The Danish Krone is facing pressure over a no-deal Brexit with British PM Boris Johnson considering shutting down the UK Parliament to deliver the Brexit, with or without a divorce deal, until October 31. Denmark is heavily reliant on British trade and is the largest exporter of pork to the United Kingdom. Now, this position is under threat if no deal is struck between Britain and Brussels. In line with this, the EU declared a “no-deal” Brexit a major natural disaster, which will allow the European Union to use £544 million from emergency funds to minimize the impact of Brexit. Aside from this, Jyske Bank, one of the largest lenders in Denmark, has announced that it will start charging wealthy clients depositing money to their account. The bank said that customers with more than $1.1 million will receive interest rate of negative 0.6%.
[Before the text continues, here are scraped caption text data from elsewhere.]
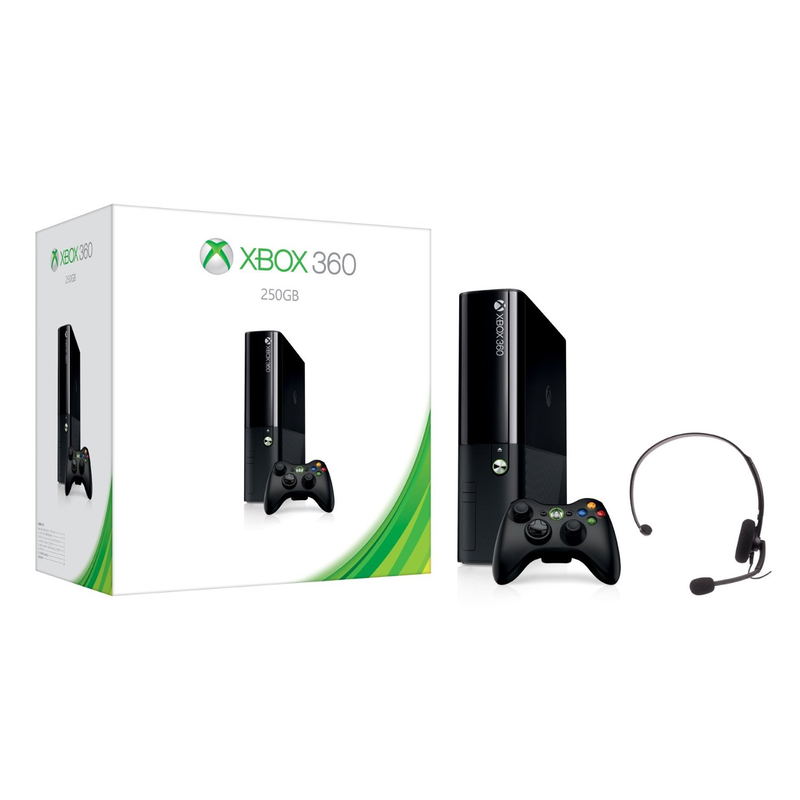 Xbox 360 Console (250GB) image 1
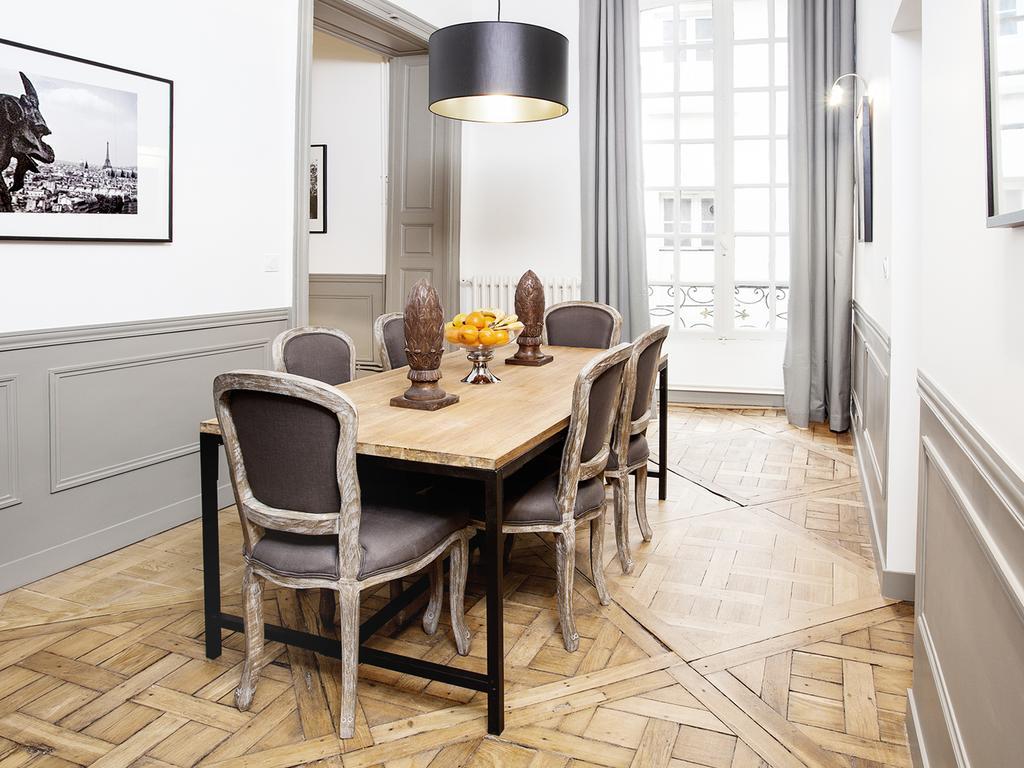 Livinparis - Luxury 2 Bedrooms Le Marais I Exteriör bild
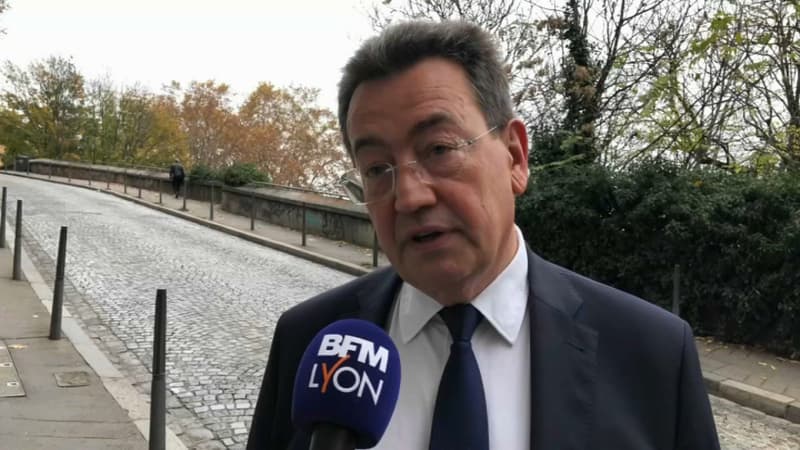 Caluire-et-Cuire: Philippe Cochet fait appel de sa condamnation et reste maire, l'élection annulée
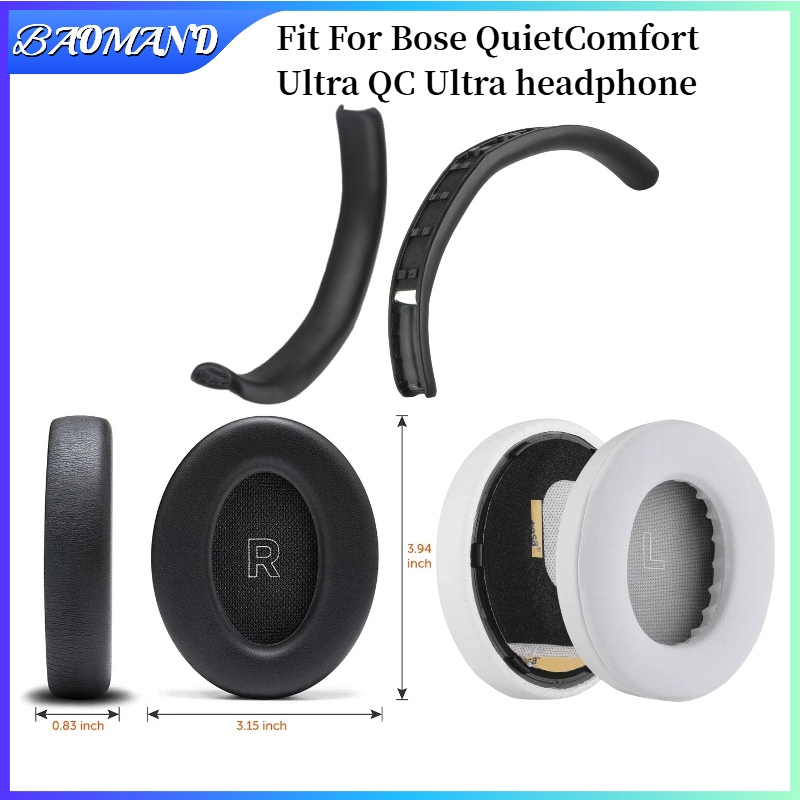 For Bose QuietComfort Ultra QC - Bose Headphone Qc Ultra recension och pris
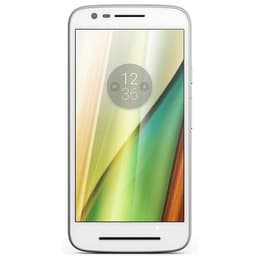 Motorola Moto E3 8GB - Vit - Olåst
Economists are becoming more positive about Turkey’s economic outlook, but still predict no growth this 2019. Turkey entered a recession in March, its first time in a decade, following its decision to purchase Russia’s S-400 missile defense system which angered Washington and considering its narrowing relationship with the European Union. This results to several sanctions by the United States against Ankara, which sent Turkish Lira down by 30%. In turn, the central bank was prompted to raise interest rates and make borrowing more expensive. In the second quarter, Turkey’s economy shrank 1.5% while its economic growth rate was at negative 2.4%. While the risk of a double-dip recession is receding, the government’s 2.3% for 20149 may be out of reach. Still, Treasury and Finance Minister Berat Albayrak said he expects Turkey to post positive growth for the year.
Australian Dollar’s recovery could further be derailed following recent reports showing Australia’s economic growth hitting 10-year low, expanding only 0.05% in the second quarter. Australia has avoided recession for almost 28 years but figures fuel concerns about the country’s economic outlook with growth falling to its lowest since the 2008 Global Financial Crisis. Added to the concern was British Prime Minister Boris Johnson’s decision to shutdown the UK Parliament to deliver the Brexit. Despite the “no-deal” Brexit triggering the post-Brexit trade agreement between signatories, the $16 billion cost of UK crashing out from the EU without a deal will be catastrophic for all parties involved in the said agreement. The volatility and uncertainty of the post-Brexit world could also cripple the British Pound and will make the Australian Dollar stronger, which will further hurt Australia’s economy.